Progress on radiation dose limits

It really does look as if our distinguished member, Professor Wade Allison, of Oxford, is getting somewhere with his campaign for more realistic radiation levels and therefore lower nuclear operating costs. The International Nuclear Energy Academy has just issued a well-written case against the linear no- threshold (LNT) model.

It says that nuclear energy offers a proven, safe and environmentally friendly means for generating electricity at reasonable cost with minimal emission of greenhouse gases. Other uses of nuclear science and technology in industry and medicine also provide important benefits to society.

For low doses of radiation there is abundant evidence that conflicts with the LNT model, including data from studies of atomic bomb survivors. Even after the worst nuclear plant accidents no member of the public and very few workers have been exposed to anything remotely approaching the radiological conditions of an atomic bomb explosion. For the most highly exposed members of the public, total doses have been comparatively low and spread over prolonged periods of time, which is known to reduce risks, even from high doses. Public exposures have mainly been within the range of naturally occurring radiation.
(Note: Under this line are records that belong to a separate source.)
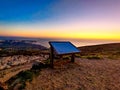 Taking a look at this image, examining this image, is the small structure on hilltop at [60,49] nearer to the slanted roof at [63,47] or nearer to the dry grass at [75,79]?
the slanted roof at [63,47]

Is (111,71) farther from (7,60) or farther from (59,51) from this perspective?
(7,60)

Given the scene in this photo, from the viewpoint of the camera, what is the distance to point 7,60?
27.8 meters

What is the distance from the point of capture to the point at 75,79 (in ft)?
40.8

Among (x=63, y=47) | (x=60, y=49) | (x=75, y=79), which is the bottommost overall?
(x=75, y=79)

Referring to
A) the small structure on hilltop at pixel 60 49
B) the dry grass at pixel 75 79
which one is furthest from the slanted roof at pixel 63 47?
the dry grass at pixel 75 79

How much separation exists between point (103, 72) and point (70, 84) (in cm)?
426

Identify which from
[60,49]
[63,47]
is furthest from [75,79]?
[63,47]

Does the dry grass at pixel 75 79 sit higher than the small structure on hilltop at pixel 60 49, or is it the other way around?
the small structure on hilltop at pixel 60 49

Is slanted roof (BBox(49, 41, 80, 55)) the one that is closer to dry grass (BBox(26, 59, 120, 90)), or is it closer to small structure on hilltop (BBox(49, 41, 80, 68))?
small structure on hilltop (BBox(49, 41, 80, 68))

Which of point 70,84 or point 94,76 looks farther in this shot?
point 94,76

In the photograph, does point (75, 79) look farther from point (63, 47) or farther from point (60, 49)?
point (63, 47)

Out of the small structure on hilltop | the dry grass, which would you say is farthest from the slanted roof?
the dry grass

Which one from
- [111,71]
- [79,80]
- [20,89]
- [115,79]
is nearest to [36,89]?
Result: [20,89]

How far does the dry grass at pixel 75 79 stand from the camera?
10938mm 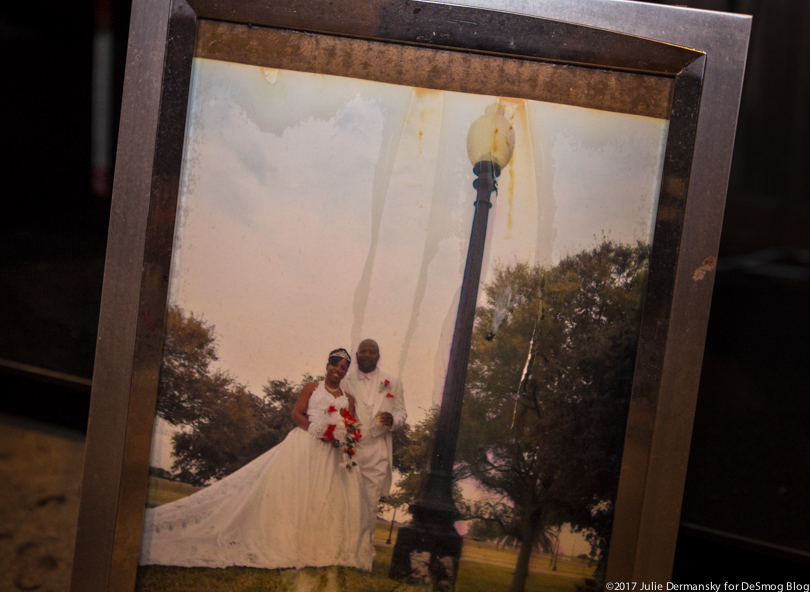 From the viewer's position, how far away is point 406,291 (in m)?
0.86

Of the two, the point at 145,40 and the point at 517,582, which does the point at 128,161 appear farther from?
the point at 517,582

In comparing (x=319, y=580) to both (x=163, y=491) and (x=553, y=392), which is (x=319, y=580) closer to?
(x=163, y=491)

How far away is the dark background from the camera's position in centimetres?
106

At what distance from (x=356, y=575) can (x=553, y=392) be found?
429mm

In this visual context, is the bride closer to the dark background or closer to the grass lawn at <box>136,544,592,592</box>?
the grass lawn at <box>136,544,592,592</box>

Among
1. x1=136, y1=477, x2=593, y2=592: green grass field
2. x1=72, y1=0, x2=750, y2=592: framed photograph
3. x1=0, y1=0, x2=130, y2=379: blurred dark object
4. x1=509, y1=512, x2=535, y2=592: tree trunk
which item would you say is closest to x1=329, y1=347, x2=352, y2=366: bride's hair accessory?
x1=72, y1=0, x2=750, y2=592: framed photograph

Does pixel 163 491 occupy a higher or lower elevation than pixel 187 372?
lower

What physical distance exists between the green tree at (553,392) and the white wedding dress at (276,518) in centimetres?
19

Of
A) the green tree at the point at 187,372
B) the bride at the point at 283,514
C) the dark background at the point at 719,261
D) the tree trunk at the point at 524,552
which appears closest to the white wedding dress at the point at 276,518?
the bride at the point at 283,514

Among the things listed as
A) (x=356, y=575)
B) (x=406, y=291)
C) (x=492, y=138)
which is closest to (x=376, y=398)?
(x=406, y=291)

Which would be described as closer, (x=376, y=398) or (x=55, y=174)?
(x=376, y=398)

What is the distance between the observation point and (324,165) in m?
0.85

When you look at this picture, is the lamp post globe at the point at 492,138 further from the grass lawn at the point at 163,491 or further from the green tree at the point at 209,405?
the grass lawn at the point at 163,491

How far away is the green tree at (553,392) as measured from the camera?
0.85 meters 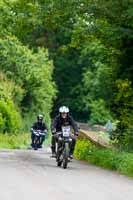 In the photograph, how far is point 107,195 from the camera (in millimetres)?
13367

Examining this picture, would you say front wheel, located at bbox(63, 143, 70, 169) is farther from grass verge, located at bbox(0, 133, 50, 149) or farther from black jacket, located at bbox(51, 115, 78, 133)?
grass verge, located at bbox(0, 133, 50, 149)

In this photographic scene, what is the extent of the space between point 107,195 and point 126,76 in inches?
449

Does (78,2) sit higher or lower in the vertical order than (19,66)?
higher

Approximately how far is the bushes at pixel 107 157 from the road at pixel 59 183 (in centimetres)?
38

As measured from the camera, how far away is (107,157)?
20.8m

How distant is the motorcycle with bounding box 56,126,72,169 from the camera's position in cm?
1969

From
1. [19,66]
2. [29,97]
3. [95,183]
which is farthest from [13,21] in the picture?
[29,97]

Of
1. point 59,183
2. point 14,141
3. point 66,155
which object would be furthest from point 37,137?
point 59,183

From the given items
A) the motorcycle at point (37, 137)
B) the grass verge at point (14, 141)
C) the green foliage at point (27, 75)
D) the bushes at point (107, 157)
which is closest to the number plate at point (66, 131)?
the bushes at point (107, 157)

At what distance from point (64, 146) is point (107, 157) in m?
1.49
Incidences of cancer and genetic damage are not elevated by high levels of naturally occurring radiation and health benefits instead of risks occur at low levels of exposure. In fact, people go to Ramsar, a spar resort in Iran for the good of their health. Its background radiation is up to 100 times the global average. For all these reasons, it says, a new model should replace LNT using thresholds below which risks are considered to be zero: 100mSv for acute single doses to adults; 20mSv for acute single doses to embryos, foetuses and infants; and 200mSva year for continuous chronic exposures.

OBITUARY

We regret to record the death of two stalwart members – on October 1, aged 94, Sir Maurice Hodgson FREng., chairman of ICI from 1979-82; and David Erskine, on October 14, aged 90, who joined the UK Atomic Energy Authority in 1959 and worked first on Calder Hall, the first nuclear power station, and then at the Admiralty’s reactor test establishment at Dounreay.